Fourth Preferred Embodiment
FIG. 18 is a circuit diagram showing a configuration of a regulator circuit 30 d as a fourth preferred embodiment of the present invention. The regulator circuit 30 d shown in FIG. 18 is different from the regulator circuit 30 c shown in FIG. 13 in that a capacitive element C2 is further provided between a node N11 inputted with an internal source voltage VINT and a node N12 from which a signal being in phase with the internal source voltage VINT is outputted. Since other configurations shown in FIG. 18 are similar to FIGS. 6, 11 and 13, their explanations will not be repeated.
Here, the capacitive element C2 can also be provided between the node N11 and the node N12 of each of the regulator circuit 30 a of FIG. 6 and the regulator circuit 30 b of FIG. 11. FIG. 18 shows the regulator circuit 30 c shown in FIG. 13 as a typical example.
Referring to FIG. 18, the capacitive value of the capacitive element C2 is of a capacitive value of such a degree that it is negligible as compared with the total capacitance of the load circuits coupled to the regulator circuit 30 d. The capacitive element C2 is inserted for speeding-up and operational stability of the regulator circuit 30 d.
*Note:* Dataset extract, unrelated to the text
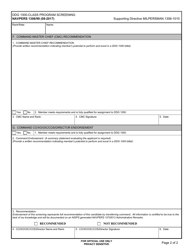 NAVPERS Form 1306/99 Ddg 1000-class Program Screening, Page 2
In the regulator circuit 30 c of FIG. 13 with no use of the capacitive element C2, the preamplifier circuit 32 a actually starts operating after the detection of a change in current flowing through the corresponding differential amplifying section 33 b where the internal source voltage VINT is reduced due to an increase in current consumption of each load circuit. Therefore, the response time of each transistor element is unavoidably added as a system's response delay time.
On the other hand, as shown in FIG. 18, a reduction in the internal source voltage VINT can directly be transferred to the output of the preamplifier circuit 32 a as capacitive coupling of the capacitive element C2 by inserting the capacitive element C2 in parallel between the input and output terminals of the first-stage preamplifier circuit 32 a in the amplifiers of two-stage amplification. Since the capacitive coupling is performed instantaneously, it can practically respond at high speed without making a delay corresponding to one stage of the preamplifier circuit 32 a. Further, even when a large reduction in voltage, which causes oversaturation, occurs in the internal source voltage VINT, a steep change in output voltage VINTD of the preamplifier circuit 32 a can be limited transiently via the capacitive element C2. As a result, the regulator circuit 30 d of the fourth preferred embodiment also has the effect of reducing system's oscillations in conjunction with the above.
The preferred embodiments disclosed this time should be considered to be illustrative and not to be limitive in all respects. The scope of the present invention is indicated by the claims without by the above description and intended to cover the meaning equivalent to the claims and all changes within the scope thereof.